越想越是气恼,真想现在就把她抓到身边,好好地蹂躏一番,让她时刻的都得记住了,她身边的男人就是他弋阳,也只能有他弋阳。
想到这里,弋阳开始狂跑起来,他记着回海滨的火车晚上还有一班,他们上次回去的时候坐的就是那一列,如果顺利的话他们说不定能在半路上打个碰头,现在最主要的就是赶去火车站。
滴滴滴的鸣笛声,弋阳往边上靠了靠,就看见李林那家伙开着车朝他看过来,一副同情的模样,“上车吧,我送你过去。”
弋阳只犹豫了一秒钟,然后就坐了上去。
“你和白溪一样都是海滨人?”
弋阳点了点头,刚才狂跑之后还有一点喘息。
“这下好了,就不用这样两地跑了,不过她回去怎么没告诉你,你俩是不是还有什么误会着。”
弋阳艰难的笑了笑,觉得这个李林真是八卦,如果不是现在坐在他车上,弋阳早就翻脸了。
李林怎么会看不出来弋阳的不太情愿,他笑了笑接着说着,“我看你对我还有些误会,其实我和白溪就是同事和朋友,她能这么快回海滨我很替她高兴。”
“我知道,我对你也没什么。
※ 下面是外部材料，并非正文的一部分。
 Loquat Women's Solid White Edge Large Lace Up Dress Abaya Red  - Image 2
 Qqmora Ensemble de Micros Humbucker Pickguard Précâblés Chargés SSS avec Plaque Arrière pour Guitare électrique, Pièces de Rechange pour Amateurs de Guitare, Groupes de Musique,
”如果说白溪喜欢这油头粉面的,弋阳还真的不太相信,他就是对这样的人有点烦躁,这是天生的。
好在火车站一会就到了,弋阳道了谢推开车门猛地向里跑着。
火车票已经卖没了,这个小地方有时候人流量还挺大的,他是找到了那些坐火车的人,花了三倍的价钱才从人家手里买到了一张,这张票捏在手里可真不容易。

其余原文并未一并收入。